I am no longer the flame that only knew how to burn for battle.
I am the flame that now knows how to warm a garden.
I sit on the porch we built together and watch her. Sometimes she catches me staring and raises an eyebrow, that half-smile that still undoes me every single time. She doesn’t say “What are you looking at?” anymore. She already knows.
She knows I am watching the way the light moves across the woman who once carried an entire war on her shoulders and still chose to plant roses afterward.
This is what they never tell you about surviving:
The war ends.
But the garden demands tending.
And tending is so much quieter than fighting. So much slower. So much more intimate. It asks you to stay. To return every day. To water what almost died. To pull weeds with patience instead of rage.

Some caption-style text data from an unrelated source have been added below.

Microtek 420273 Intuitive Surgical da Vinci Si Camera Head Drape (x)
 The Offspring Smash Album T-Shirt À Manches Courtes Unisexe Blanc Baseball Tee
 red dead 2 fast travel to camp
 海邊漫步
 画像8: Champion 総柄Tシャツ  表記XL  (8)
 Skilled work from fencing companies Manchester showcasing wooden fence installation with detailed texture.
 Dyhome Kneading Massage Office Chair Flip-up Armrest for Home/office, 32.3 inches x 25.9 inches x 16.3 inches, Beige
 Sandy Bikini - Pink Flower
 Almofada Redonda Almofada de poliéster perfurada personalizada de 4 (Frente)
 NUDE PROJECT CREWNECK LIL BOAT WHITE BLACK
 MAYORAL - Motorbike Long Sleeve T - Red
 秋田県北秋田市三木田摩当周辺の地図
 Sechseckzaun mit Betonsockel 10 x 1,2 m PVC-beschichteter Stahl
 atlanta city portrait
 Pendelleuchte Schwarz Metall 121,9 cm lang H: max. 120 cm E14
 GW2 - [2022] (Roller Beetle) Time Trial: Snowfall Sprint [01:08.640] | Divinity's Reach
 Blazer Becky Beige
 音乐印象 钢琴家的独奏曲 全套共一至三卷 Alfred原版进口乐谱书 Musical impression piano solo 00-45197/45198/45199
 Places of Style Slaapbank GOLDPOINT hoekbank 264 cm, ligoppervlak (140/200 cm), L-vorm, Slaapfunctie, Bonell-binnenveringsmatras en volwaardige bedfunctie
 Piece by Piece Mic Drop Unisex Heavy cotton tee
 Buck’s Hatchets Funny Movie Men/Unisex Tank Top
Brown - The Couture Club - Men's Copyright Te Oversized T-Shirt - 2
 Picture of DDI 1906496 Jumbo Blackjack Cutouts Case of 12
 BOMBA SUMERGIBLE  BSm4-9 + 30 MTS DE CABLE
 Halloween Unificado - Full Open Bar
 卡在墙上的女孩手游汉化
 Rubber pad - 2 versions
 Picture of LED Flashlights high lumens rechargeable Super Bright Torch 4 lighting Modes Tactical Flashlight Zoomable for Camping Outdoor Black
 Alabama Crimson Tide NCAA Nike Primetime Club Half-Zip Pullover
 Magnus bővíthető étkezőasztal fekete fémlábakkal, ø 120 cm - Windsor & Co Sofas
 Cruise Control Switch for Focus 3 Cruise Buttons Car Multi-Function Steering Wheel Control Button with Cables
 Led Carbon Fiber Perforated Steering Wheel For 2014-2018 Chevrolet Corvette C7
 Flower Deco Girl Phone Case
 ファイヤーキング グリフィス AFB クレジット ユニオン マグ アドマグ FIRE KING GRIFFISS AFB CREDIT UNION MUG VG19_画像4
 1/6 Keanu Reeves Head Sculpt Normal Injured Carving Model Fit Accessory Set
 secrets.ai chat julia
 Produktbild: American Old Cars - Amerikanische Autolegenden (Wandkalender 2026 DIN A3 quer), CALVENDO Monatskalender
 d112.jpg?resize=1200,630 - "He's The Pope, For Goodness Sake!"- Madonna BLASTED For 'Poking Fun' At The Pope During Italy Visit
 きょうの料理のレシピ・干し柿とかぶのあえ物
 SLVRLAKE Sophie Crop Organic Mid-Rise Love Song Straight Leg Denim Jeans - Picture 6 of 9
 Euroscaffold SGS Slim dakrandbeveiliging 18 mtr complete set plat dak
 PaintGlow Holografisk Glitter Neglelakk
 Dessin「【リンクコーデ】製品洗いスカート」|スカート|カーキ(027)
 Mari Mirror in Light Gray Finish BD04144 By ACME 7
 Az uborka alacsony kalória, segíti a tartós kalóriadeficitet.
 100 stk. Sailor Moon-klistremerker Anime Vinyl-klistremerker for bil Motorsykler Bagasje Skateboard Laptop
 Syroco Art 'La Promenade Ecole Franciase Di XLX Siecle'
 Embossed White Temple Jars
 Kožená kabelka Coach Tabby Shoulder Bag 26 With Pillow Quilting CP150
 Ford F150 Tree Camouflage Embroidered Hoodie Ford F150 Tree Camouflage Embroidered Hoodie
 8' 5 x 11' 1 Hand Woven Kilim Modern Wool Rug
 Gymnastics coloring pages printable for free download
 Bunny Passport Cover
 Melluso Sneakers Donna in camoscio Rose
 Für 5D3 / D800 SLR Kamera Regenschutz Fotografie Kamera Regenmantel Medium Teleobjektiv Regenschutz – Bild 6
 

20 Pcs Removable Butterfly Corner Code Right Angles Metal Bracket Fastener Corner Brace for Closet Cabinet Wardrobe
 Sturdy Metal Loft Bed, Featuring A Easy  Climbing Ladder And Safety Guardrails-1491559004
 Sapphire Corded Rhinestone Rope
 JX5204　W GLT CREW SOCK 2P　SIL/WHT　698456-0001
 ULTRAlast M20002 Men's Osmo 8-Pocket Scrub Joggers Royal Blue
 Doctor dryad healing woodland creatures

To learn the difference between a plant that needs space and one that needs closeness.
She is teaching me this every single day.
Sometimes I still wake up with the taste of smoke in my mouth. Sometimes the old reflexes come back — the need to scan for threats, the instinct to protect, the fear that this peace is temporary and someone will come to burn it all down again.
When that happens, she doesn’t tell me to stop being afraid.
She simply walks over, puts her forehead against mine, and says:
“The war is over, Simon. Look. The roses are blooming.”
And they are.
They really are.
Some of them still have thorns. Most of them do, actually. She says she likes them better that way. She says a rose without thorns was never truly a rose — it was just something pretending to be soft so it wouldn’t get hurt.
She would know.
So we keep the thorns.
We keep the scars in the earth.
We keep the slightly crooked trees and the flowers that bloom in wrong directions.
Because this garden was not built to be perfect.
It was built to be ours.
And in this garden, after the war, I have learned the hardest and most beautiful truth of my existence:
I was never meant to be only the flame that destroys.
I was meant to be the flame that helps things grow.
She taught me that.
Not with words.
With her bare feet in the soil.
With her patience for things that take time.
With the way she looks at every broken piece of this place and says, without hesitation:
“This can still live.”
So can I.
So can we.
The war is over.
And the garden… the garden is only just beginning.